E tudo começa com a pergunta: “Quanto vale a sua saúde?”, para então, no final dos 50 minutos de blablablá vir o preço: dois mil reais. É muita cara de pau oferecer um purificador de água a dois mil reais. Sim, para os amigos, tipo eu, mil e quinhentos reais – talvez parcelados em três vezes, excepcionalmente, para mim.
O teste prático é um terrorismo triplamente qualificado, com intenção de matar a gente de indignação: ele acopla o aparelho na torneira da pia da cozinha, testa daqui e dali, acrescenta produtos químicos e reagentes e conclui que estamos tomando suco de bactérias. Não sei como ele não pegou minha água mineral naquele instante para fazer teste de coliformes. Presumo que soubesse que isso detonaria o trabalho dele.
Perplexa, tive que agüentar as perguntas práticas sobre meu cartão de crédito e sobre a necessidade real de adquirir aquilo lá. Só se eu estivesse louca: a tecnologia YXP mega-oxy-base-international, que não passa de pedrinhas de carvão ativado, ozônio e afins, não me convenceu. Não é que não filtre ou que não purifique a água: funciona, eu creio. Justamente isso: boa parte do que a gente consome se baseia em crenças - crença na idoneidade do fabricante, crença na propaganda, nos resultados, nos benefícios, na qualidade, na eficiência...

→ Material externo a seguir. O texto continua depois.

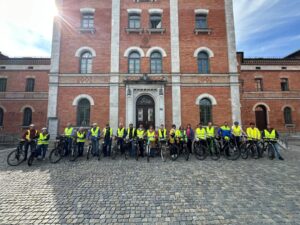 Teilnehmende der Hauptbereisung stehen mit ihren Fahrrädern vor dem Rosenheimer Rathaus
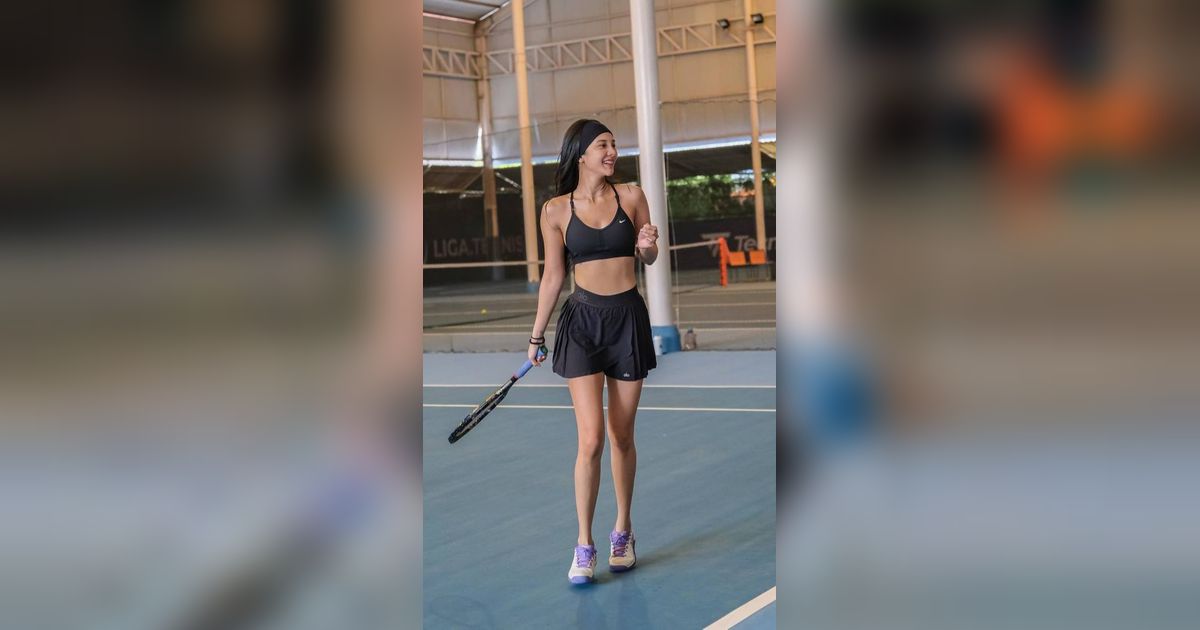 Cantik & Sporty Abis, 7 Foto Anya Geraldine Pamer Body Goals Saat Main Tenis!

Num dia sei lá quando, o Dr. Dráuzio Varela examinava pulmões de fumantes e de não fumantes, na televisão. Aí o repórter notou umas manchinhas tipo as sardas de um peixe surubim no que era considerado o pulmão saudável e perguntou do que tratava: o médico disse que eram resíduos de poluição que foram respirados por ele e tal e tal. Isso, sim, assusta, mas sabemos que é real. E quem vai me oferecer um ar melhor? Um purificador de ar que se estenda por onde quer que eu vá? O problema continua sendo um problema coletivo, de ar, de água, de alimentos, de tudo que consumimos com impurezas... Mas, mesmo assim, vivemos.
O que observo, porém, é a forma como os terroristas do comércio fazem a aquisição de um produto parecer não apenas uma necessidade, mas uma questão de vida ou morte.
Perdi meu tempo, mas não perdi meus mil e quinhentos reais... ou dois mil reais (quem sabe se a amizade supera os juros, não é?).
Eu tenho vivido sem coisas essenciais, quanto mais sem purificador de água? Se alguém quiser me vender alguma coisa, se ligue: sou osso duro de roer. E mais: em breve, numa loja perto de você, finalmente você vai encontrar o Spray Repelente de Vendedores Terroristas. Na compra você ganha grátis um Spray Master Repelente de Vendedor da Hailiving, que foi o que me aterrorizou aqui em casa.